╭─ Data provided
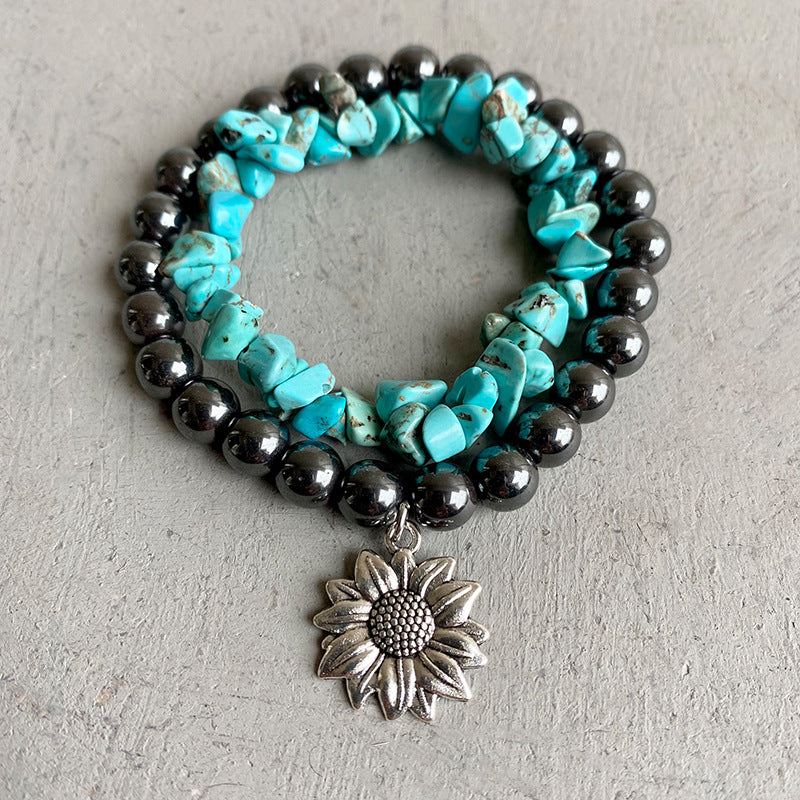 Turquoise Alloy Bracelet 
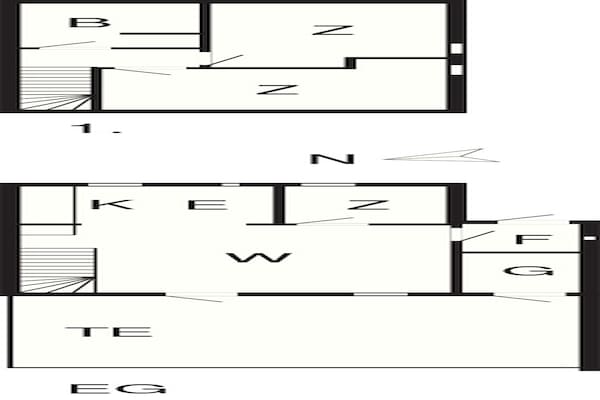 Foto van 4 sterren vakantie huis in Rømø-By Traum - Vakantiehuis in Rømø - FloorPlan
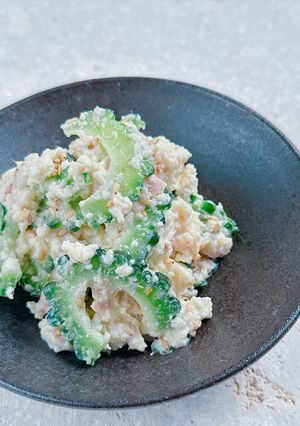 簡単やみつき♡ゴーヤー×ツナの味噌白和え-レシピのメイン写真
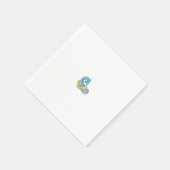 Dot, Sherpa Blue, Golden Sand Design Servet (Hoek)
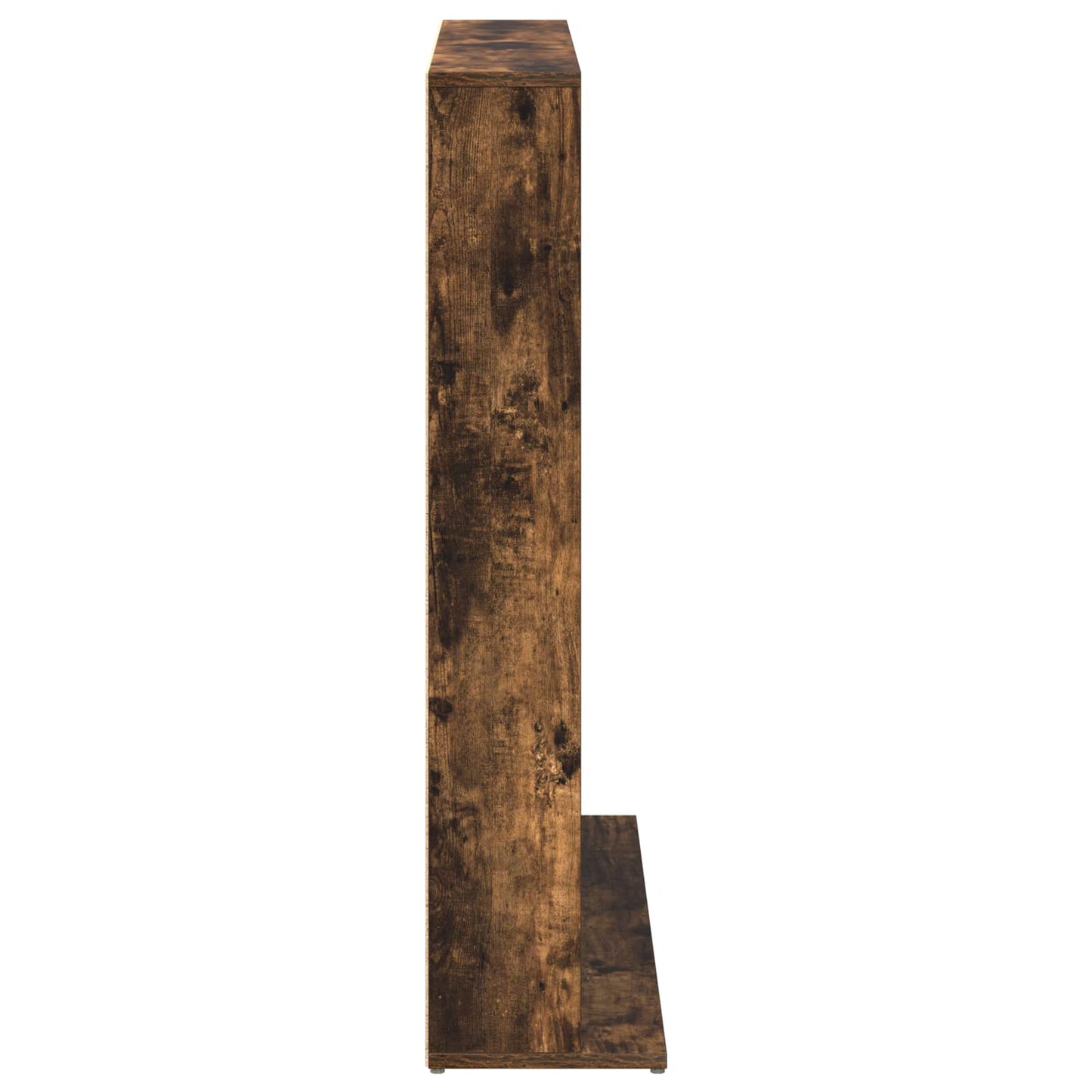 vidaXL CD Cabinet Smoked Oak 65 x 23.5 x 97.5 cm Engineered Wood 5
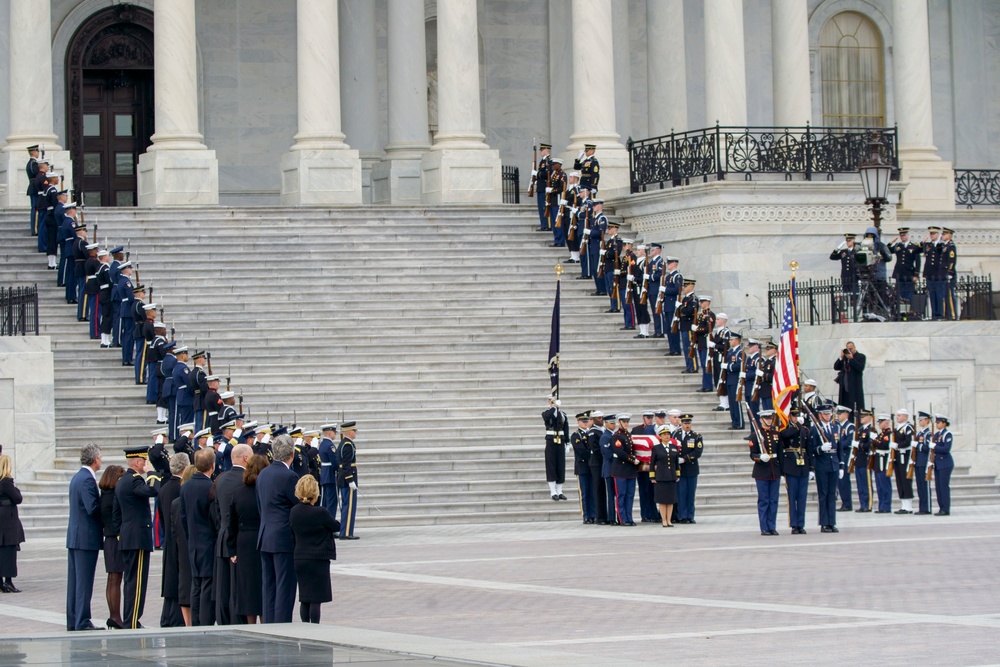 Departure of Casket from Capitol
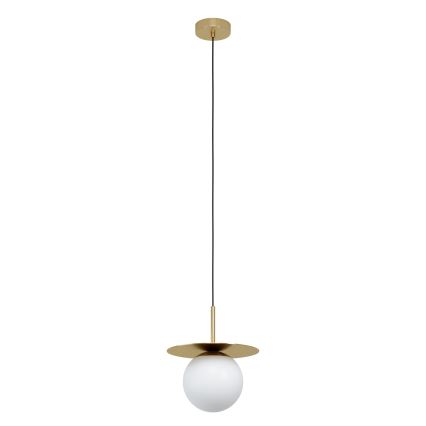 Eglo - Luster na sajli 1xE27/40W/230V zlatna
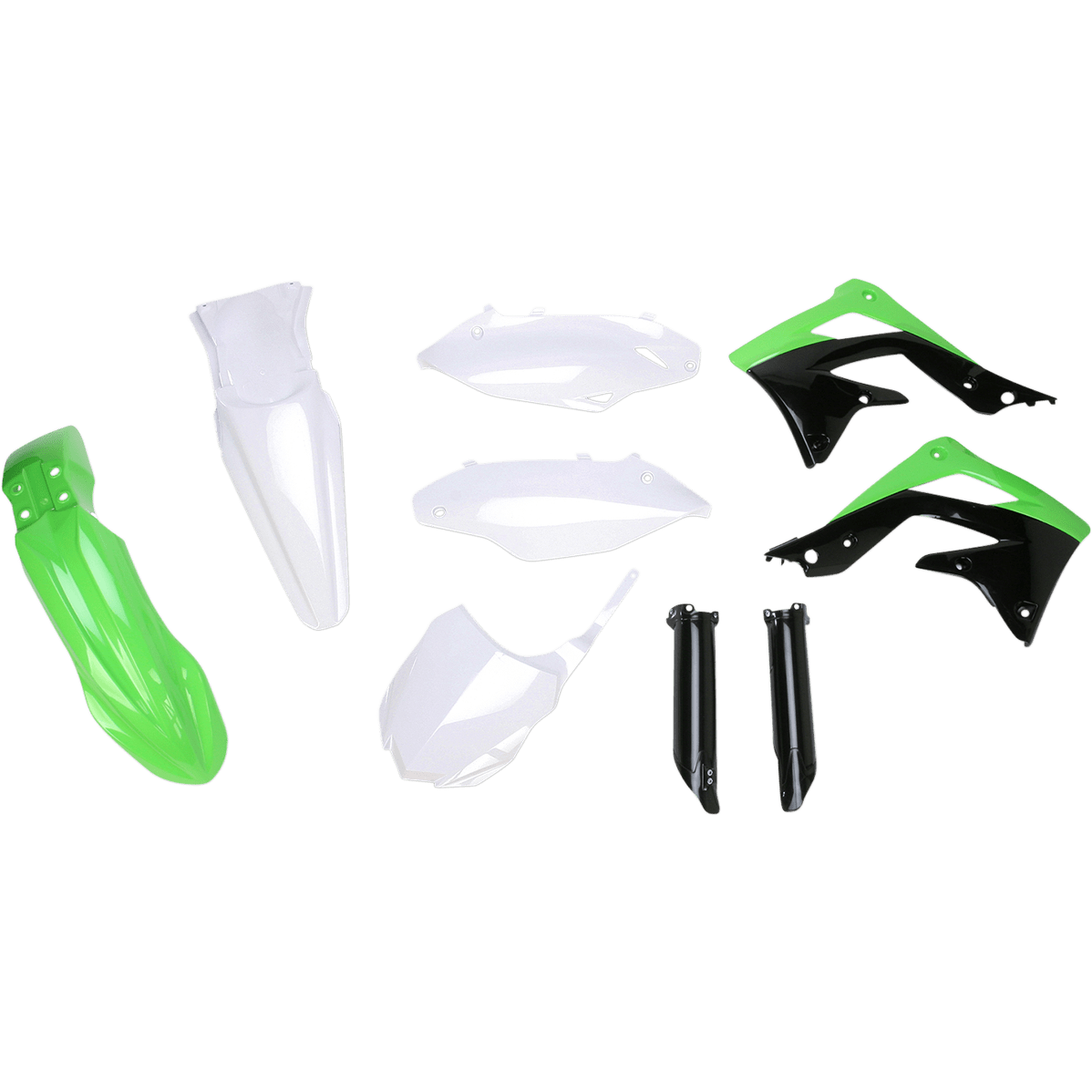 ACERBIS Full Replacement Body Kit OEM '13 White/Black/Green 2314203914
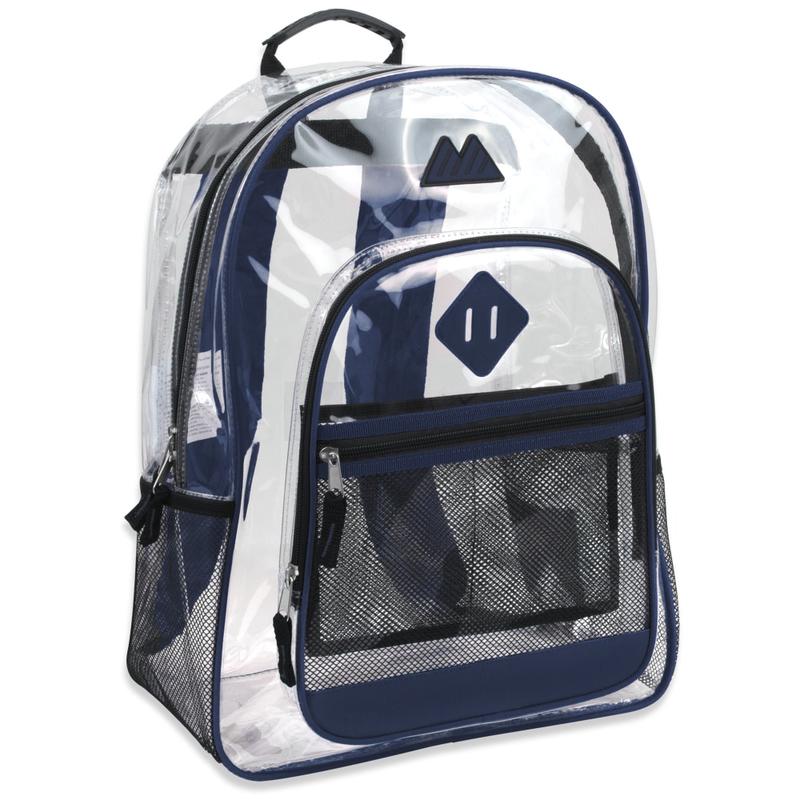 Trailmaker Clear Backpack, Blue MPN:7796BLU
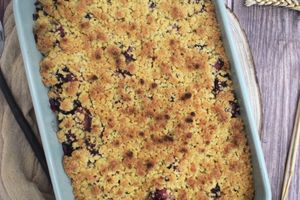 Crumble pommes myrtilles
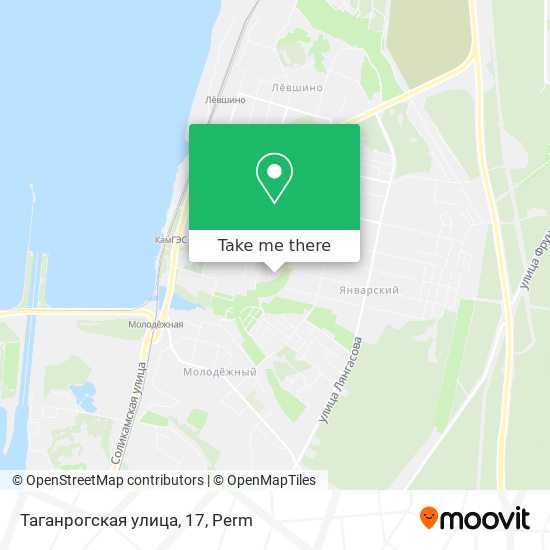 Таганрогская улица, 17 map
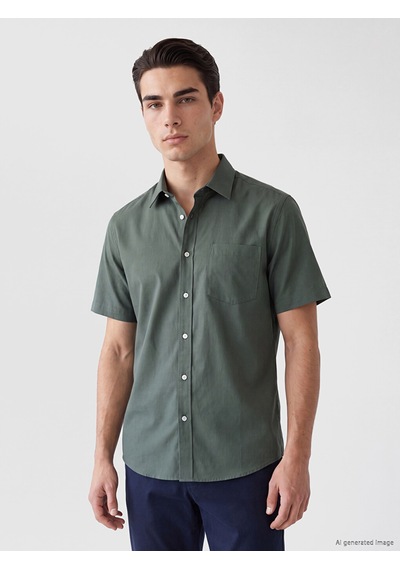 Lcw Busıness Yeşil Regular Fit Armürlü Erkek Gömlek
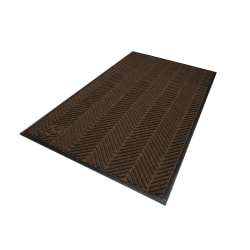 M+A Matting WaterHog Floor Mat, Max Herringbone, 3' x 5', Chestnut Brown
╰─
What is required:
Give back the whole listing as it stands, minus its pictures.

Answer to this task:
 Turquoise Alloy Bracelet 
 Foto van 4 sterren vakantie huis in Rømø-By Traum - Vakantiehuis in Rømø - FloorPlan
 簡単やみつき♡ゴーヤー×ツナの味噌白和え-レシピのメイン写真
 Dot, Sherpa Blue, Golden Sand Design Servet (Hoek)
 vidaXL CD Cabinet Smoked Oak 65 x 23.5 x 97.5 cm Engineered Wood 5
 Departure of Casket from Capitol
 Eglo - Luster na sajli 1xE27/40W/230V zlatna
 ACERBIS Full Replacement Body Kit OEM '13 White/Black/Green 2314203914
 Trailmaker Clear Backpack, Blue MPN:7796BLU
 Crumble pommes myrtilles
 Таганрогская улица, 17 map
 Lcw Busıness Yeşil Regular Fit Armürlü Erkek Gömlek
 M+A Matting WaterHog Floor Mat, Max Herringbone, 3' x 5', Chestnut Brown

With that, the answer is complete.